On this date in 1950, Edna St. Vincent Millay died.  In her honour, I thought I’d post my notes on a biography of her which I read a number of years ago:  Savage Beauty:  The Life of Edna St. Vincent Millay by Nancy Milford.  I’m not a biography reader but I’ve always loved Edna St. Vincent Millay’s sonnets and even own a first edition of her Collected Sonnets.
In some ways I wish I hadn’t read the book:  the poet was not always a nice person.  I knew a little about her beforehand:  in the heart of the Depression, her collection of sonnets sold thousands of copies; she was the first woman to win the Pulitzer Prize for Poetry; she was the first American figure to rival the frenzy surrounding Lord Byron whose life and work shocked the public. 

The book discusses the influences of Edna’s mother, Cora Millay, who was very ambitious for her daughters:  “She made [them] – oh, not ordinary” (9).  One observer mentioned that she had “never come across a more devoted mother and daughter” (176), and Milford concludes that “the love of [Millay’s] life remained her mother” (205).  Cora saw her daughter’s triumphs as “part of their triumph” (206).  The relationship, however, was not without its problems:  one man noted that Edna’s mother was “a bit in awe of her.  That she had created such a creature” (234), and the mother wrote that her own indiscretions might be the cause of Edna’s sexual liberality (237).  At times Edna seemed to flee from her mother but then would feel guilty and would assuage her guilt by sending money (207).

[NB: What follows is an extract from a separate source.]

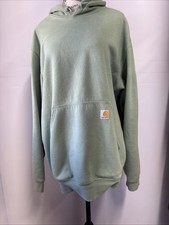 Carhartt Hoodie Sweatshirt Men  s Large Sage Green Loose Fit Logo Sleeve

Writing poetry was the most important thing in Millay’s life.  By 16, she had a sense of vocation (41).  “[Edna] drew people to her . . . [but] her work came first . . . it was her first love, and perhaps her only one” (130).  Milford observes, “people were in some sense unimportant to her – except as subjects for poems . . . What she was interested in was her own emotions about them” (199). 

In many ways, Edna was a very selfish and vain person, “the oddest mixture of genius and childish vanity, open mindedness and blind self-worship” who had “build up so enormous an image of herself as the Enchanted Little Faery Princess that she must defend it with her life” (462).  “Edna did exactly what she pleased, when she pleased, and where she pleased” (419), perhaps unsurprising for a woman who in 1938 was voted one of the ten most famous women in America (418).  She knew “how to rule a situation or a group” (291), but social approval was very important to her.

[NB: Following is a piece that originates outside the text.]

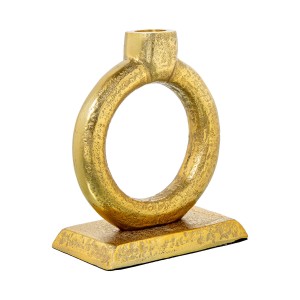 Candle Holder Alexandra House Living Golden Aluminium 14 x 16 x 8 cm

Edna’s life was anything but orthodox since she had affairs with both men and women.  Her promiscuity was well-known in her circle.  Milford suggests that Edna was “irresistibly drawn to relationships that were doomed to fail.  Maybe she couldn’t bear the weight of a permanent attachment, in which she had no reason to believe” (205) since a central theme of one of her plays is that the enduring love between women is the only bond that lasts.  Edna flaunted her sexuality to her mother (234) who aborted her own grandchild when Edna became pregnant (239). 

The one “permanent” relationship was with her husband, Eugen Jan Boissevain, with whom she had “an open, free marriage” (351).  His devotion was complete; he even offered to “go and live by himself” (355) and refused to be “a piece of irritating, dragging piece of family” (357) if he could help Edna’s extra-marital affair with another man.  Eugen was also sexually involved with other women, and these affairs were discussed openly by husband and wife” (356).  Her lovers knew about Eugen; she wrote one lover that “I am devoted to my husband.  I love him more deeply than I could ever express, my feeling for him is in no way changed or diminished since I met you” (305 – 306).  Milford even suggests that Eugen “took morphine so that he would know what it was like for her to be addicted – so that he would know what she went through trying to stop it” (481). 

The biography was obviously very thoroughly researched.  Milford examined numerous documents which are quoted and cited.  She also had the assistance of Norma, Edna’s surviving sister.  The title is very appropriate:  it describes the audacious poet and the writing of the biographer who spared no details.